Cannes 2019

Júri de olho na diversidade

Neusa Barbosa, de Cannes

Coletivas de júri em Cannes geralmente seguem um protocolo meio tedioso, na verdade. De todo modo, é sempre muito bom ter, pela primeira vez nos 72 anos da história de Cannes, um júri presidido por um latino-americano, no caso, o mexicano Alejandro González Iñárritu - que não se fez de rogado quando uma jornalista norte-americana lhe fez uma pergunta sobre o desejado muro com que Donald Trump quer barrar o acesso de mexicanos e outros latino-americanos. “Essa posição não poderia ser mais cruel. Isolar nacionalidades é muito perigoso, porque você deixa de enxergar a diversidade. Todos sabemos como termina essa história”, afirmou.

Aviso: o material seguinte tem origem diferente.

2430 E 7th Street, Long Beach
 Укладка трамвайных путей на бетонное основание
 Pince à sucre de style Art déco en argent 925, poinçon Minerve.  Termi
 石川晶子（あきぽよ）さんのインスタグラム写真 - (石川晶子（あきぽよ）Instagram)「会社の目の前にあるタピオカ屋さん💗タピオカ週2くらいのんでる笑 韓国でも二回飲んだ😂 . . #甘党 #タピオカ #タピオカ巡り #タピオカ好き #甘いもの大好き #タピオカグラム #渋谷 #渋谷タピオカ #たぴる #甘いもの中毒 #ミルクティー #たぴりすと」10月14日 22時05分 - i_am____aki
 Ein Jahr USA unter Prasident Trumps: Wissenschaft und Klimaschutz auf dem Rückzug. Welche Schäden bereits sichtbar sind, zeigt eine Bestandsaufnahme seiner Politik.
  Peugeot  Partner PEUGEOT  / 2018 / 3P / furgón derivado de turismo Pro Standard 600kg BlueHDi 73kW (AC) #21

Iñárritu mostrou independência também, num festival que tem ousado barrar a Netflix por usá-lo como plataforma de lançamento, ao dizer que, para ele, a questão mais crucial do cinema hoje é como levar os filmes a serem exibidos para mais pessoas, em todos os países do mundo - lembrando o quanto a França é privilegiada neste sentido, com sua fartura de cinemas de todos os perfis, ao contrário da tenebrosa concentração dos multiplexes no Brasil, levando a que um único filme de super-herois possa ocupar dois terços das salas do País. Iñárritu, por sua vez, vê com bons olhos que os filmes cheguem a todos, seja lá por quais plataformas forem. Afinal, como cineasta, sua preocupação é que mais pessoas possam ter o que ele chama de “experiência comunitária” do cinema, que é diferente do mero ato de “assistir”. Ele quer que haja uma imersão dos espectadores nos universos retratados, permitindo que sejam tocados, impregnados pelo que vêem. É isso também que ele espera que aconteça ao seu júri, paritário na presença de mulheres - a atriz senegalesa Maimouna N’Diaye, a diretora italiana Alice Rohrwacher e as norte-americanas Elle Fanning (atriz) e Kelly Reichardt (diretora).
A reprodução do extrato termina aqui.